Me, I’ve run a rooted Samsung Infuse for two years now, and I’ve tested my share of music apps on the hunt for the perfect player. For my money (three dollars — there was a sale!) one of the best Android apps currently available for music is PowerAmp.

We expect you to have better musical taste than this, though.PC users familiar with WinAmp and its llama ass-whipping ways will find much to love about the similarly-named PowerAmp —  file compatibility, equalizers, custom skins, and simple PC-style navigation that scouts the folders of the Android OS itself, enabling you to preserve the structure of your desktop’s mp3 library. In short, it offers absolutely anything you need to get your music off your device and into your ears where it belongs. For true audiophiles, PowerAmp features lossless FLAC and WAV playback. (As it happens, I can’t tell the difference between a FLAC and, say, a 320k-bit mp3 recording, but you might be able to. Yeah, you, with the gold wire headphones that cost more than your car.)

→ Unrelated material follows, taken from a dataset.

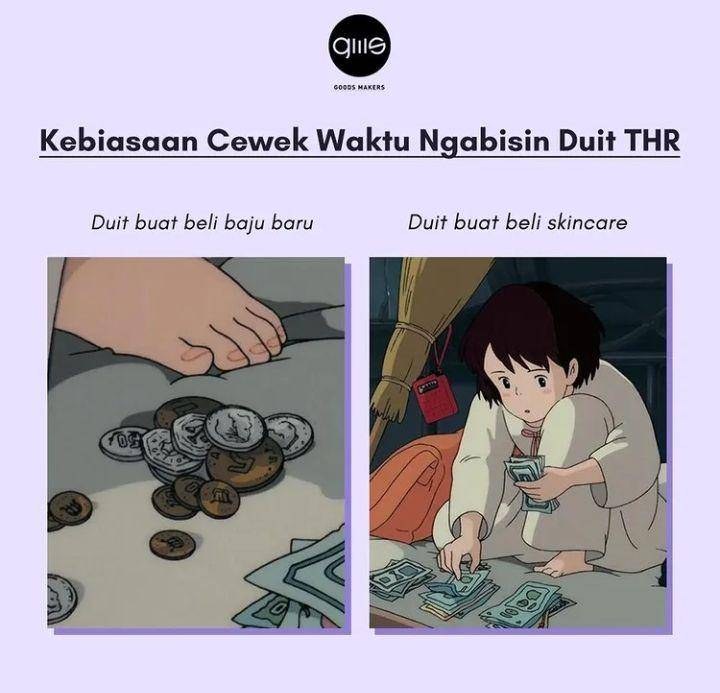 meme kocak tentang THR (instagram.com/goodesmaker)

Google Music, for those who live in a country (or Google’s ambiguous term ‘territory’) that provides it, is also a contender in the quality race. Google Music offers full 320k mp3s as default, as opposed to Apple and Amazon’s 256k files. The differences are slight to most ears, but are of critical importance to hardened audiophiles who register every dulled cymbal hit or fuzzed-out acoustic guitar pluck with deep disapproval.

Google Music also features streaming, which iTunes has long promised and never delivered. Google Music’s ‘All Access’ streaming feature was just unleashed on Europe yesterday and we imagine Canada won’t be far behind. The service integrates with Android’s default music player, which is similar to the iDevice music player. However — wouldn’t you know it? — the makers of PowerAmp are indeed working on Google Music integration. The combination of two great services into an ultimate package? A ‘droid-based music-lover’s dream come true.

Of course, this is all preaching to the choir — if you’ve read this far, you’re probably an Android owner already, whether it be a big old Infuse like mine or the HTC One that seems so popular with the tech-kids.

We’ve gotta give Apple their due, of course: they make a quality product for most people, with a few good apps out there on iTunes, and an equalizer (deep in the settings). But when it comes to music players, you can’t beat the current ‘droid offerings. The proprietary software of iDevices prevents all-in-one programs like PowerAmp from existing in any iOS, much less cross-integration of different features — and this is where Android users have the undisputed advantage.